[DATA SHOWN — start]

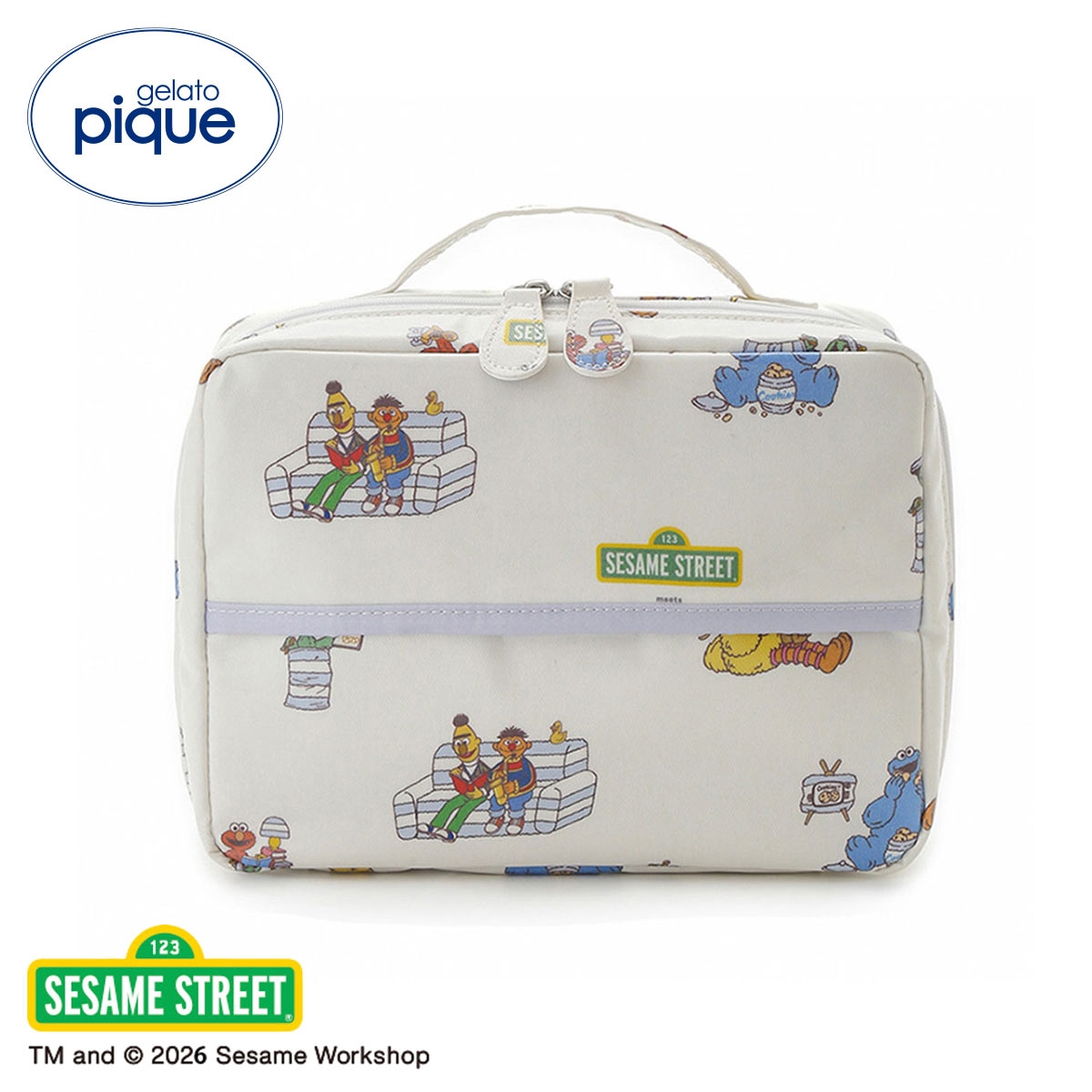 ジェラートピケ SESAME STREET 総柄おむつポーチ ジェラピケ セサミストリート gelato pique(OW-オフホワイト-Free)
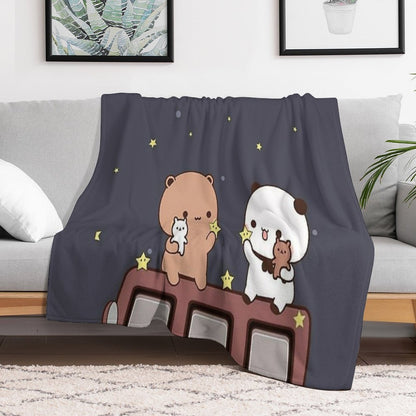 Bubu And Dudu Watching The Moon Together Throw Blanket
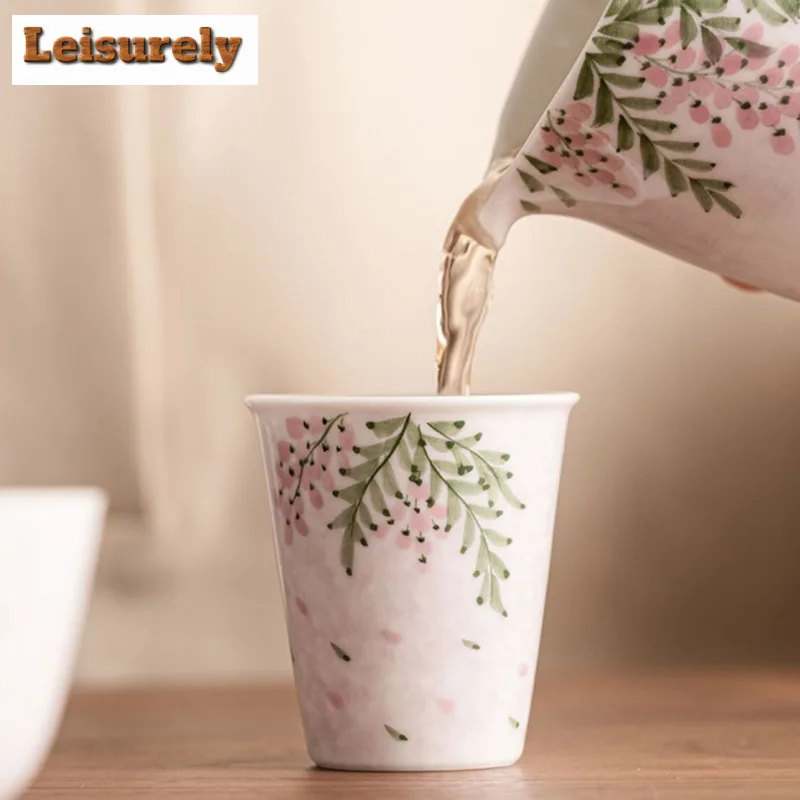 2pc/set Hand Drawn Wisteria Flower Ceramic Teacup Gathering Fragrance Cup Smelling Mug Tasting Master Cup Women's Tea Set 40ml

[DATA SHOWN — finish]
[DATA SHOWN — start]

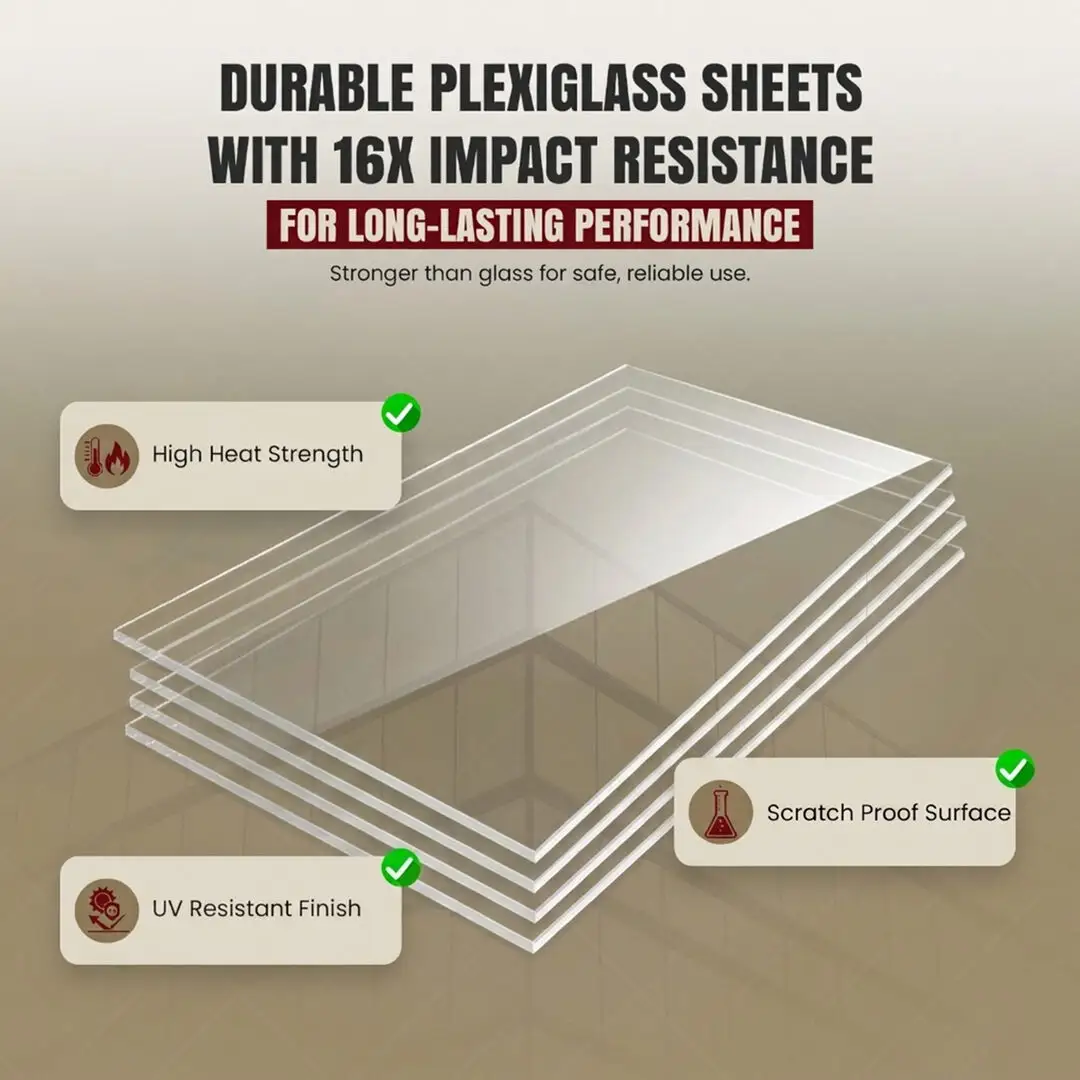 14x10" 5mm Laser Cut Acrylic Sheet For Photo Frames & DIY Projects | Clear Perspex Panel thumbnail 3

[DATA SHOWN — finish]

TASK DETAILS >>
In the listing above, find the line containing "ジェラートピケ SESAME STREET" and the line containing "2pc/set Hand Drawn", then return both of them and every line between, exactly, without pictures.

TASK ANSWER >>
 ジェラートピケ SESAME STREET 総柄おむつポーチ ジェラピケ セサミストリート gelato pique(OW-オフホワイト-Free)
 Bubu And Dudu Watching The Moon Together Throw Blanket
 2pc/set Hand Drawn Wisteria Flower Ceramic Teacup Gathering Fragrance Cup Smelling Mug Tasting Master Cup Women's Tea Set 40ml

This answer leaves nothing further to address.